A car crushed by a boulder twice its size
We decided to go ahead on foot. It was a clear, calm day. Birds sang, and the forested hillsides were lush and green. In other circumstances this would have been a place of great peace and beauty. But no sooner had we set out than stones rattled down a scree slope behind us in warning.
One landslide had created a temporary dam, with the fast-flowing river backed up behind it. It was no more than twenty or thirty feet high, but it was easy to understand the far larger obstacles that have been formed further to the north, and the danger they pose.
This small dam is dwarfed by much bigger ones to the north
As we continued, the state of the road grew worse. We passed places where chunks as big as skyscrapers had fallen from the tops of mountains and crashed down the vertical slopes and into the narrow gorge, bringing rocks the size of houses with them. Anywhere they fell these would have rubbed the road out like a pencil line, and a man caught beneath them would have had no more chance than an insect.

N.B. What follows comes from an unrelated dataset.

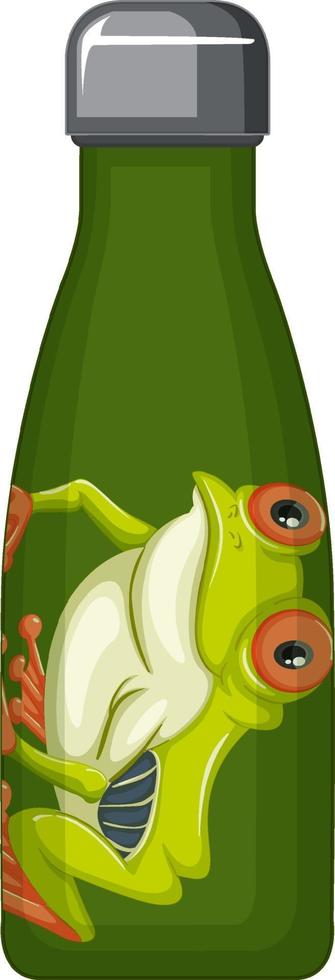 une bouteille thermos verte avec motif grenouille vecteur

We reached a lay-by, formerly a scenic view-point, where another vehicle had been battered by rocks. With space to pass, and keen to push on a little further, we called our car to come forward.
At the end of the mountain pass we came to an area of habitation. Most of the roadside buildings had been destroyed – more by falling rocks than by the earthquake itself, it seemed. We passed a mountain holiday resort, now deserted. Eventually, at Hongkou Village, our reporters' credentials ran out, and grim-faced soldiers asked us to turn back.